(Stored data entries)
= Beginning of Section =
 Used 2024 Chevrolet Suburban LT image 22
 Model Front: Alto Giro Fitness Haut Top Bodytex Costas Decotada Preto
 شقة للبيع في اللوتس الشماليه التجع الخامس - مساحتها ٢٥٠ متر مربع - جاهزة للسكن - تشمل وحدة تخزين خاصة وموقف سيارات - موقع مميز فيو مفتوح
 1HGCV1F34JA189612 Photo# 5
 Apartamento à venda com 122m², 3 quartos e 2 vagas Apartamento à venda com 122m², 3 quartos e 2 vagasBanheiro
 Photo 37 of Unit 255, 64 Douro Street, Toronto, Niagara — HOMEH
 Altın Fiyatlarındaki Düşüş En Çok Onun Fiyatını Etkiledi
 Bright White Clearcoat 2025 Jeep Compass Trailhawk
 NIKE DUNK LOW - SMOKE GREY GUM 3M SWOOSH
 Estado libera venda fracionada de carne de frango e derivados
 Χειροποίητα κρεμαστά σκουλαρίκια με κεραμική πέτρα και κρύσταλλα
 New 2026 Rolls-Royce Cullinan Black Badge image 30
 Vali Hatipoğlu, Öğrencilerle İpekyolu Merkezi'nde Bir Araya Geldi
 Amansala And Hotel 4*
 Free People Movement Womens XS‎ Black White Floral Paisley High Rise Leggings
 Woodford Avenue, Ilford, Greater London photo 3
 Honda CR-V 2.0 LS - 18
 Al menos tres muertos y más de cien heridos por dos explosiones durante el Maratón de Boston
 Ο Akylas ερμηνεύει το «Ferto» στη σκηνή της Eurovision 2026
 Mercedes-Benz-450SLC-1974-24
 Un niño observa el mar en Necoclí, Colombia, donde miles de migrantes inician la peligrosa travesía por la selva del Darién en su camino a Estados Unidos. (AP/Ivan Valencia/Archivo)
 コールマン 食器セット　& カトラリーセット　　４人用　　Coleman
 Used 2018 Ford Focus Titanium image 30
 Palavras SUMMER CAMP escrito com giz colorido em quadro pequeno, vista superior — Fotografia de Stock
= End of Section =
Work task: Starting at the line that contains "Ο Akylas ερμηνεύει", write out every line through the end of the entries, exactly and with nothing added.

Response to this exercise:
 Ο Akylas ερμηνεύει το «Ferto» στη σκηνή της Eurovision 2026
 Mercedes-Benz-450SLC-1974-24
 Un niño observa el mar en Necoclí, Colombia, donde miles de migrantes inician la peligrosa travesía por la selva del Darién en su camino a Estados Unidos. (AP/Ivan Valencia/Archivo)
 コールマン 食器セット　& カトラリーセット　　４人用　　Coleman
 Used 2018 Ford Focus Titanium image 30
 Palavras SUMMER CAMP escrito com giz colorido em quadro pequeno, vista superior — Fotografia de Stock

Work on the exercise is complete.